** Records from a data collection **
[Start of Attachment]
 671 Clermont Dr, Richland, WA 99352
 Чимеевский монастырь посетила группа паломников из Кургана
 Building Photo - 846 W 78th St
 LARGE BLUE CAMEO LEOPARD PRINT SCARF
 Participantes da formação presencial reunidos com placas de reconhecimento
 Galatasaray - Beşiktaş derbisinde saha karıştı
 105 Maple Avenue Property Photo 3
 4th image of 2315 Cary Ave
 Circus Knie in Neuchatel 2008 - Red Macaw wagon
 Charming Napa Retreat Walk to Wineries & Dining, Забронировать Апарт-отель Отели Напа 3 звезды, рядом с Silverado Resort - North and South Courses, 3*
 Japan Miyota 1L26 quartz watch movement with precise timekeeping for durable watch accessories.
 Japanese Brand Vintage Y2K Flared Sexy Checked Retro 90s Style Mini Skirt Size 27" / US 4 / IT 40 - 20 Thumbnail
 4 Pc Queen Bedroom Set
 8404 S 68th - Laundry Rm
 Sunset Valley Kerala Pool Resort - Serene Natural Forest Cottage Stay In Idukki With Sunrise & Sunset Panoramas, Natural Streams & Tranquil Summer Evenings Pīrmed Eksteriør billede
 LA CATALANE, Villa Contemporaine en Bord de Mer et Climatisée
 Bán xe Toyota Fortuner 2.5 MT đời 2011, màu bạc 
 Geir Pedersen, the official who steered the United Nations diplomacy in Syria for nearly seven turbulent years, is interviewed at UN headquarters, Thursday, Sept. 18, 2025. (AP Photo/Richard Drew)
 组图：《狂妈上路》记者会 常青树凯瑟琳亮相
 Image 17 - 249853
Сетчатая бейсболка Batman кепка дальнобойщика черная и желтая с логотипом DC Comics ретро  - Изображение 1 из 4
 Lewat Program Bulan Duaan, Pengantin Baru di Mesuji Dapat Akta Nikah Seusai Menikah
[End of Attachment]
Could you restate the records above word for word?

** Answer **
 671 Clermont Dr, Richland, WA 99352
 Чимеевский монастырь посетила группа паломников из Кургана
 Building Photo - 846 W 78th St
 LARGE BLUE CAMEO LEOPARD PRINT SCARF
 Participantes da formação presencial reunidos com placas de reconhecimento
 Galatasaray - Beşiktaş derbisinde saha karıştı
 105 Maple Avenue Property Photo 3
 4th image of 2315 Cary Ave
 Circus Knie in Neuchatel 2008 - Red Macaw wagon
 Charming Napa Retreat Walk to Wineries & Dining, Забронировать Апарт-отель Отели Напа 3 звезды, рядом с Silverado Resort - North and South Courses, 3*
 Japan Miyota 1L26 quartz watch movement with precise timekeeping for durable watch accessories.
 Japanese Brand Vintage Y2K Flared Sexy Checked Retro 90s Style Mini Skirt Size 27" / US 4 / IT 40 - 20 Thumbnail
 4 Pc Queen Bedroom Set
 8404 S 68th - Laundry Rm
 Sunset Valley Kerala Pool Resort - Serene Natural Forest Cottage Stay In Idukki With Sunrise & Sunset Panoramas, Natural Streams & Tranquil Summer Evenings Pīrmed Eksteriør billede
 LA CATALANE, Villa Contemporaine en Bord de Mer et Climatisée
 Bán xe Toyota Fortuner 2.5 MT đời 2011, màu bạc 
 Geir Pedersen, the official who steered the United Nations diplomacy in Syria for nearly seven turbulent years, is interviewed at UN headquarters, Thursday, Sept. 18, 2025. (AP Photo/Richard Drew)
 组图：《狂妈上路》记者会 常青树凯瑟琳亮相
 Image 17 - 249853
Сетчатая бейсболка Batman кепка дальнобойщика черная и желтая с логотипом DC Comics ретро  - Изображение 1 из 4
 Lewat Program Bulan Duaan, Pengantin Baru di Mesuji Dapat Akta Nikah Seusai Menikah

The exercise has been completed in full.